Of course, this is assuming corporations don’t screw you first.
The danger of relying on corporations
My niche blogs rely on Amazon’s affiliate program. In the past, Amazon has made several changes to make this program less profitable for affiliates—for example, the commission structure, which used to increase the percentage you earned depending on how many products you recommended to buyers, is now set flat depending on the department. This is good or bad depending on your department: it hurts my Gunpla blog (Toys, 3% commission) but boosts my candle blog (Home, 8%).
Amazon has all the power, and it has no responsibility to me or anyone else to keep its commission structure profitable. Even if the company doesn’t decide to eventually shut down the program altogether, there are other reasons I could lose this income stream. For example, Google may kill the affiliate link economy by superimposing its new shopper recommendation algorithm, promoting its own affiliate program above Amazon’s.
This is the deal with the devil that many online earners face. If you’re a YouTube vlogger, you have to contend with YouTube’s pro-harassment policies and the mercurial algorithm which no longer treats corporate and indie content creators equally. If you’re a Patreon user, you have to roll with the whims of the company’s ever-greedier shareholders. Even if you use PayPal for transactions, you have to be aware of the company’s Puritan morals, which have it freezing the accounts of not only adult content creators but weirdly, ASMR video makers, too.
Of course, there’s still one passive income stream that bypasses most of these issues.
Products and services still come out on top
The people who are really making bank online aren’t making content to promote corporations. They’re making products and services people can use.
I know this. I’ve written a couple of books, and I even wrote a guide to creating your own profitable side income by building a product or service. The problem is that this is the passive income stream with the most work up front and the most risk—so I find it the most intimidating. How do you know if your product or service is something people want? How do you tell people you have it for sale when you’re just starting out? This is why it’s so vital to create a minimum viable product until you know you’ve landed on something people are demanding, so you don’t waste your time putting a lot of effort into something that won’t be profitable. But each time I’ve let this kind of thing slow me down from releasing a product or service, my biggest regret has been not doing it sooner. A lot of the anxiety was all in my head.

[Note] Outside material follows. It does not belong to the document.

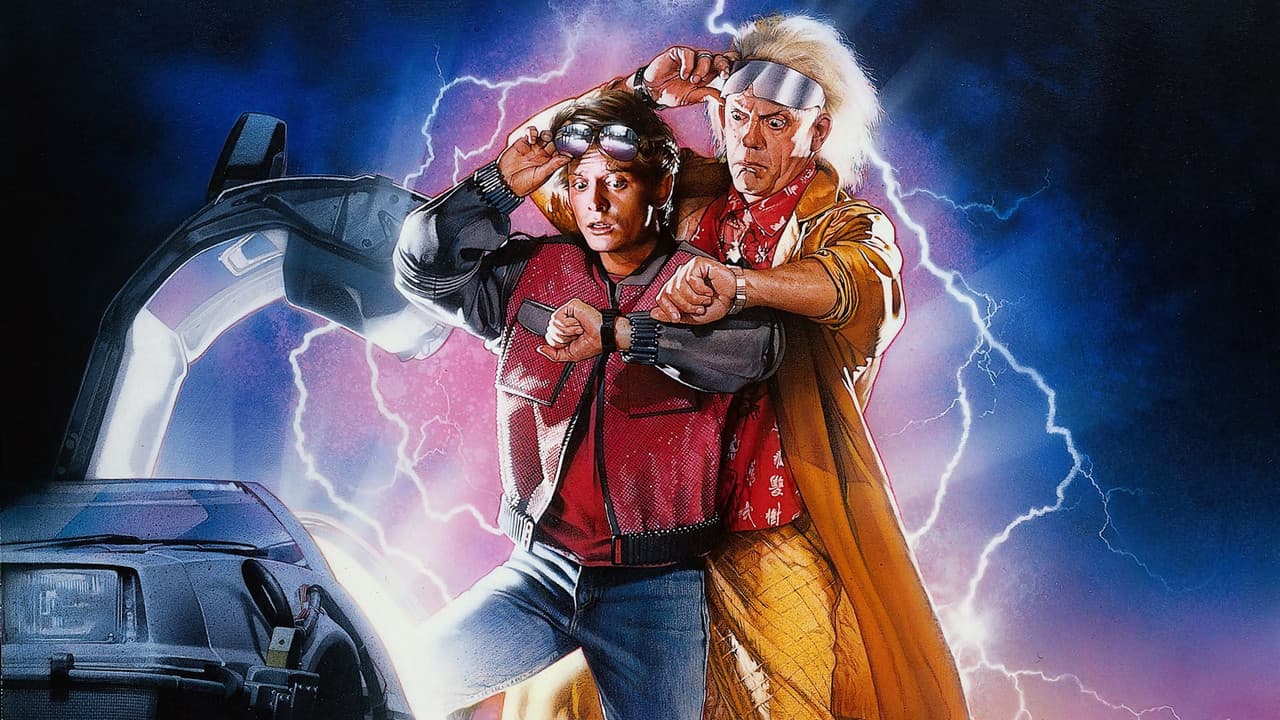 Back to the Future Part II still 4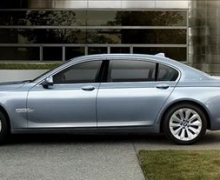 ɫδʯׯBMW 7ϵ뻷ͬ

Products and services can never truly be passive. My book sales waned after a couple of years, so I either need to update them to get with the times and re-release, or write new books that resonate better with 2019. Meanwhile. any service I provide, like generating niche SEO keywords for a select group of clients, will always involve active work from me (so really, the “passive” part comes from not having to look for clients, who usually just seek me out). And I still rely on big companies—Amazon Kindle for books, and Quickbooks Self Employed (owned by TurboTax the Terrible) for invoicing—so it’s not perfect.
Products and services are currently my most recommended suggestion for your next online income component, but I’m certain there are revenue streams out there I haven’t heard about yet. Just like early adopters of the Amazon Affiliate program made bank I couldn’t conceive of today, there’s always going to be a better way to earn online that risk-takers will find and capitalize on first. As my good friend Kyle said, “If I knew the next big way to make money online, I wouldn’t be talking to you about it, I’d be doing it.” It’s up to you to find it.